U.S. anti-democracy in Iraq

This video from the USA is called How Abu Ghraib Was Worse Than Anyone Imagined.

Another video from the USA used to say about itself:

DATELINE: Abu Ghraib Torturers Expose US Government Direct Torture Orders – 35:01

By Tom Eley in the USA:

US opposes Iraqi popular vote on troop withdrawal

13 June 2009

An Iraqi national referendum on last year’s security pact with the US is currently scheduled to take place on July 30. According to Iraqi law, if voters reject the pact, which calls for the US to remove all troops by December 31, 2011, Washington would have to remove its military 17 months sooner—by July 30 of 2010. Should the vote be held as scheduled, it is a virtual certainty that the Iraqi masses will repudiate the pact.

Washington, of course, has no intention of obeying any popular referendum. Yet it wishes to avoid the political embarrassment of a broad repudiation of its occupation of the oil-rich country. “American diplomats are quietly lobbying the government not to hold the referendum,” the New York Times notes. The US has long justified its invasion and occupation of Iraq—which has resulted in the deaths of well over 1 million Iraqis and made refugees out of millions more—as a selfless exercise in building “democracy.”

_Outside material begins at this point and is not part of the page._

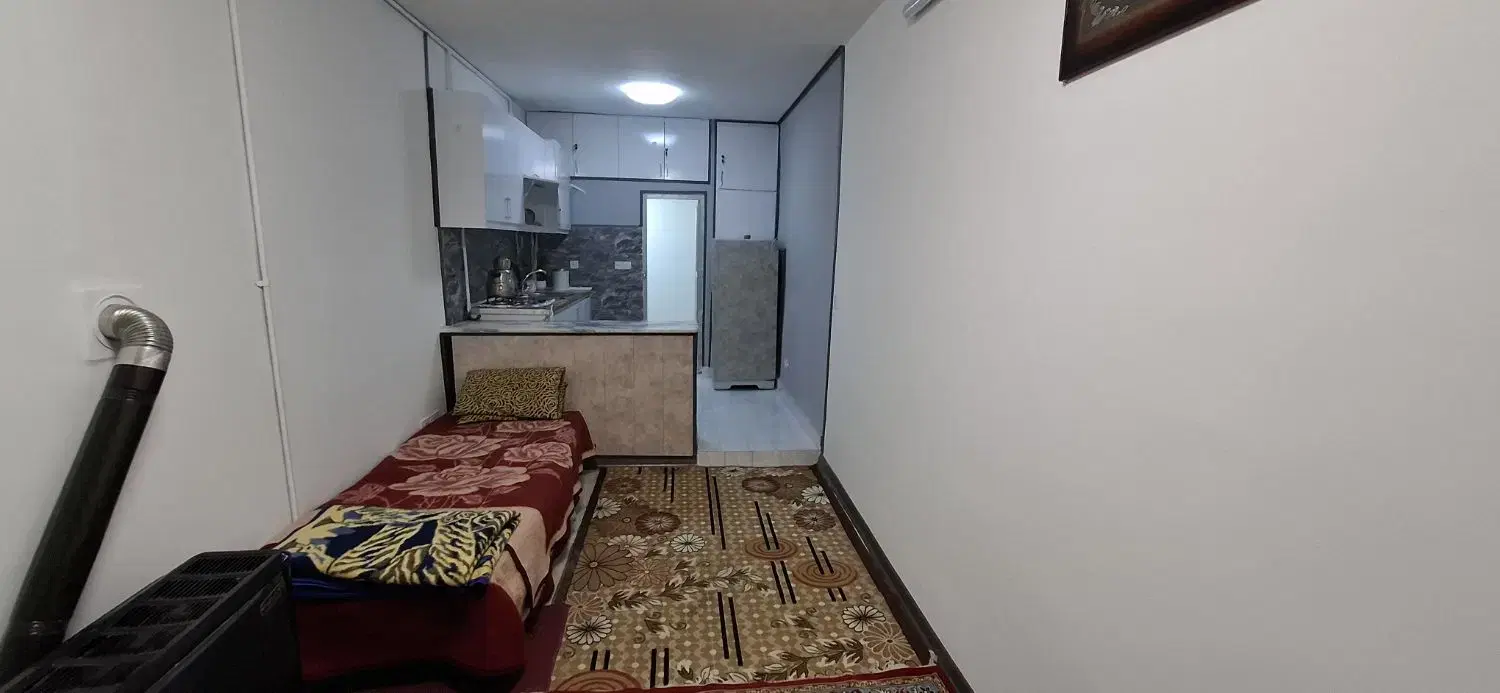 سوییت منزل اسکان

Danish police have clashed with protesters as they moved to arrest a group of 17 Iraqis who had taken refuge in a Copenhagen church following the rejection of their asylum applications: here. And here.

6 thoughts on “U.S. anti-democracy in Iraq

  1. Soldier, 25, killed self in Iraq, family says

    Chancellor Keesling was troubled by stress from an earlier tour and by quarrel with girlfriend, dad says

    By Robert Annis
    Posted: June 23, 2009

    The family of an Indianapolis soldier who died in Baghdad last week confirmed Monday that he took his own life.

    Army Spc. Chancellor Keesling, 25, Indianapolis, shot and killed himself Friday, just two weeks after he returned for his second tour of duty in Iraq and days after an argument with a girlfriend.

    Keesling’s father, Gregg Keesling, said his son and his son’s wife had separated during his first tour, and he was despondent over the possibility that a second relationship was crumbling.

    Chancellor Keesling suffered from post-traumatic stress disorder from his first tour, his father said, but neither his commanding officer nor fellow soldiers with the 961st Engineer Company out of Sharonville, Ohio, had any idea.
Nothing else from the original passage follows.